Sweet Note From a Fellow Chemo Patient

Compared to the often funerial atmosphere of most chemo rooms, my last treatment felt like being at a party. While I was snoozing there was a change of chemo patients in two of the four occupied chairs, and encouraged by our very chatty nurse, Tina, the conversations among them and Bill just rippled. In my somnolence, I could hear everything, though I don’t remember the exact words.

Finally, I pulled off my eye covering and joined the party at the point which the single guy took off his headphones and said he was listening to Gordon Lightfoot, the Canadian singer/songwriter who had just died the day before. Our nurse, in her thick Jamaican accent, admitted she had never heard of him. Groans of pity all around.

The guy in the chair next to me was with his wife and they told his story, that he was not helped by his previous treatments – including stem cell – and was now trying chemo.

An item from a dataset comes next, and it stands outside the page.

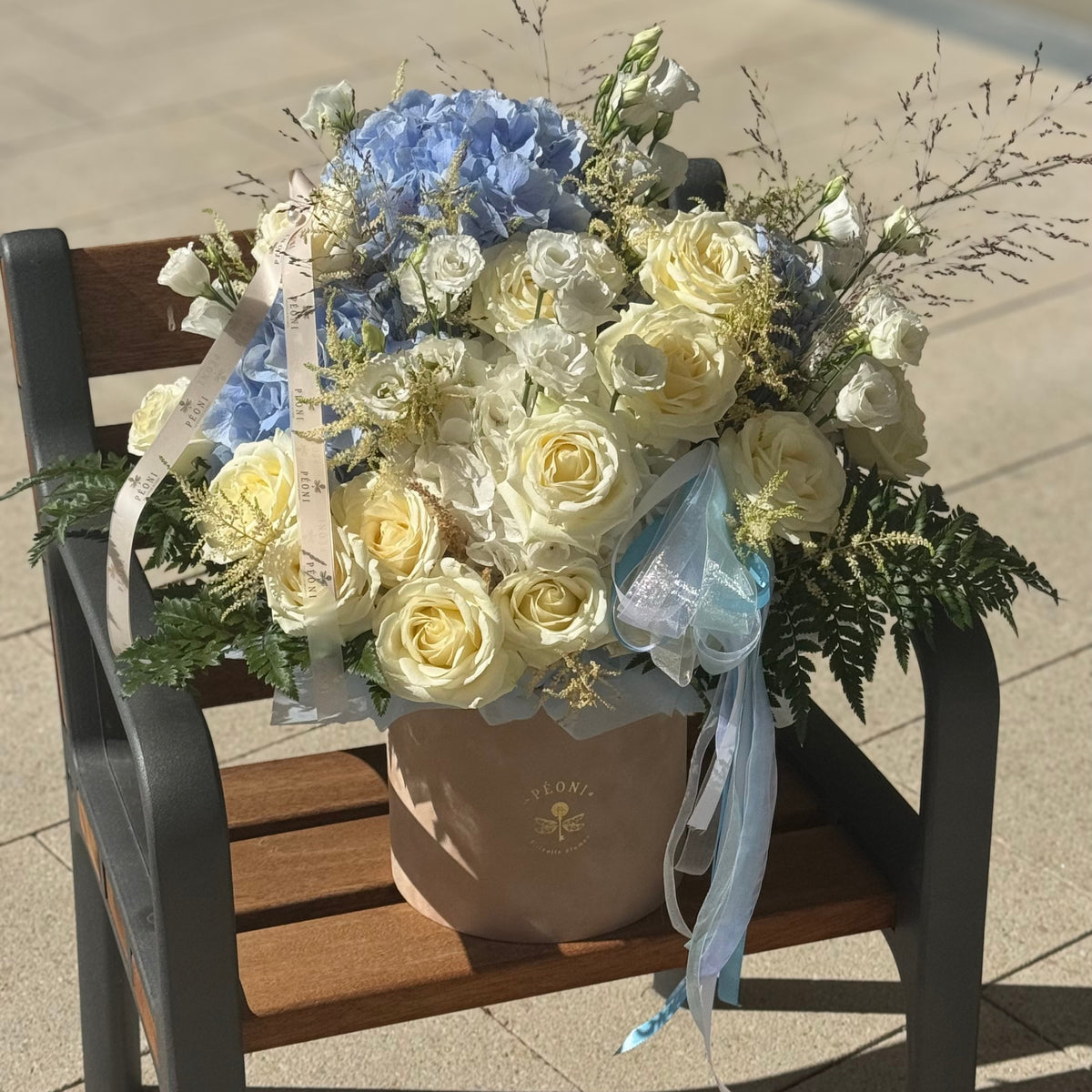 PÉONI Sky Blue - Premium Box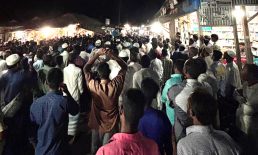 নদীভাঙন রোধে বরাদ্দ পাওয়ায় হাতিয়ায় আনন্দ মিছিল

At some point I asked the question I rarely ask any fellow patients: what is your diagnosis?

Leukemia. A rare form of it I can’t remember now.

His journey was not going well and I sensed a bit of desperation in his voice. I told him about my sister and her leukemia from 24 years ago. I’m not sure it made him feel better.

After my bottle was detached and we were prepping to go him, the guy’s wife handed me an envelope and inside was this card written to me. Hard to know if he wrote it while I was in the bathroom or in advance to hand to people like me. Either way, I thought it was very touching that he would reach out this way to let me know, “I got this.”

This kind gesture made me think maybe I should go to some of the group cancer therapy sessions on offer. I’ve been kind of cloistered here at home these last five months and thinking I really should get out more, hang with other cancer patients, maybe learn a thing or four about how to live with cancer. Who knows? Couldn’t hurt.

Thanks to David, I feel like I can do this now.